# Opinion needed: Singing "O Isis und Osiris" - Going to use for acceptance test



## AlainB (Nov 20, 2011)

*Opinion needed: Singing "O Isis und Osiris" - Going to use for acceptance test*

Well, some of you might know an older thread of mine; however the title is very much outdated and it's kind of not that nice to keep bumping it after quite a while. 
If any mods feel like these should be merged, no worries, go ahead. 

If you're curious about my "progression" since Q4 2011, you can view it here: http://www.talkclassical.com/16503-would-like-opinion-my.html

So, I kind of wanted to try to sing this after having heard it. And now I want to use it for my acceptance test for the Conservatory coming year; so any opinions are greatly appreciated.

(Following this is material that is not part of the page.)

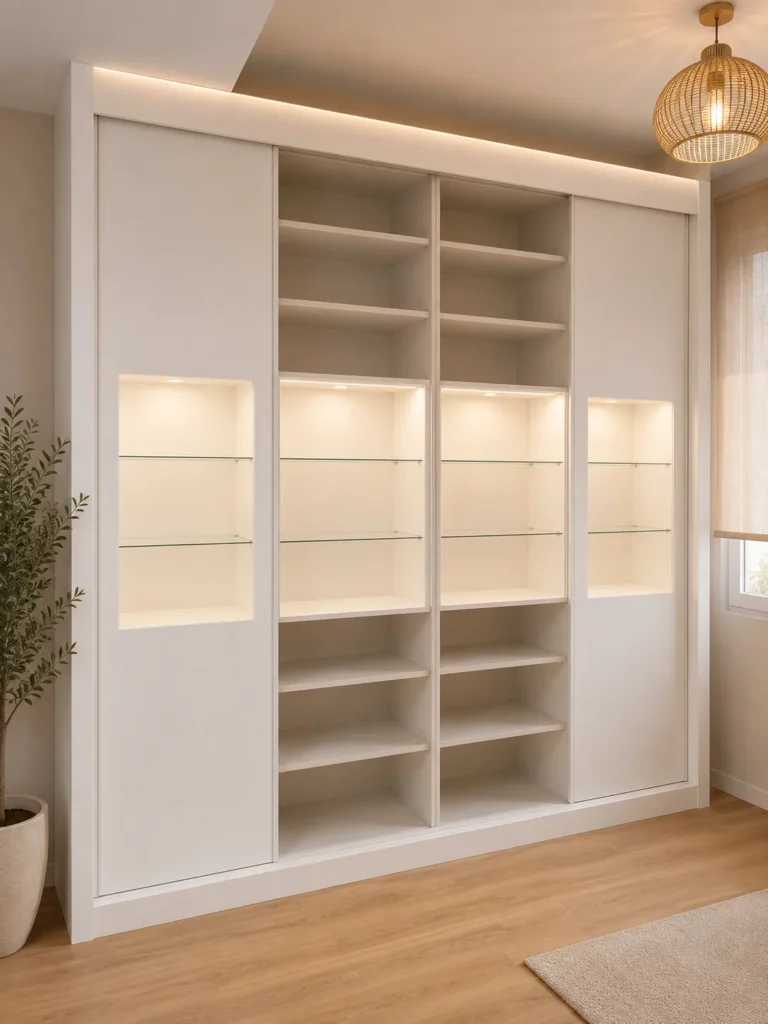 Armario a medida con puertas correderas vitrina abierta | Armarios Enova Zaragoza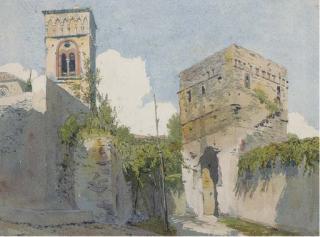 Thomas Hartley Cromek, A.N.W.S. - A gateway to an Italian town, a church beyond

...My God, Sarastro is awesome.

Anyway, I haven't been working on my interpretation, however... I suppose students should not focus on that when their technique is imperfect still.

Here's it!


----------



## Jobis (Jun 13, 2013)

You seem to have more of a bass-baritone (rather than bass) timbre, and so the low notes are a little throaty. Perhaps work more on your upper range and find an aria that really suits your voice and shows off its great resonance. Also remember resonance =/= loudness, a truly resonant sound will come out free and unforced. Think about that with the higher notes and try to alter the sound without allowing the larynx to raise up.

When it comes to staying in tune its a little ropey, but don't worry, at this stage the resonance and quality of the sound is more important than being perfectly in tune, just try not to be flat in an actual audition.


----------